Trying to read a file which in text format each has lines that either look like this (the first few lines, called header lines):
@HD VN:1.5 SO:queryname
or like this
read.1 4 * 0 0 * * 0 0 CAACCNNTACCACAGCCCGANGCATTAACAACTTAANNNCNNNTNNANNNNNNNNNNNNTTGAAAAAAAAAAAAAAAAAA A<.AA##F..<F)<)FF))<#A<7<F.)FA.FAA.)###.###F##)############)FF)A<..A..7A....<F.A XC:Z:CAACCNNTACCA RG:Z:A XQ:i:2
Both are tab delimited.
The file is very large and therefore is in binary format.
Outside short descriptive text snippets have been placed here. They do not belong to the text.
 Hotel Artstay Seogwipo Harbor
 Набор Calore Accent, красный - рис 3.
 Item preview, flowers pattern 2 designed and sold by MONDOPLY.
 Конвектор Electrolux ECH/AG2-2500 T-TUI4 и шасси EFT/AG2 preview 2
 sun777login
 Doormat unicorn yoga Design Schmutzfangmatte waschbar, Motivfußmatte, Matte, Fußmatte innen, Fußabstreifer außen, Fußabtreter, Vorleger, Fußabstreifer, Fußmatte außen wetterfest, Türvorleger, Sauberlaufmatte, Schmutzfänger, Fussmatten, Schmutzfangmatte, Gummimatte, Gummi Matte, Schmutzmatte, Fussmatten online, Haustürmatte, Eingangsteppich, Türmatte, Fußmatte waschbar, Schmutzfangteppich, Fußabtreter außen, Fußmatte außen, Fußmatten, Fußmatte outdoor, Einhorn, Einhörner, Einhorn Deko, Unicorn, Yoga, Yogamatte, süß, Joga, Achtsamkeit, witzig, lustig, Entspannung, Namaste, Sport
I'm wondering whether it is possible to read from the binary format file each line, do some processing on that line, and then write it to a binary format output file.
I started with this code:
#include <iostream>
#include <fstream>
#include <string>
using namespace std;
int main(int argc, char* argv[])
{
string input_file = argv[1];
string output_file = argv[2];
string line;
ifstream istream;
istream.open(input_file.c_str(),ios::binary|ios::in);
ofstream ostream;
ostream.open(output_file.c_str(),ios::binary|ios::out);
while(getline(istream,line,'\n')){
if(line.empty()) continue;
//process line assuming it is read as a string
ostream<<line<<endl;
}
istream.close();
ostream.close();
}
But it crashes with: Segmentation fault (core dumped)
, in the part where I'm trying to parse line
to a string
vector
.
Is there a way to read the binary format and split it by lines, do string processing on each such line, and then write them to a binary output?
BTW, I'm running this on Linux.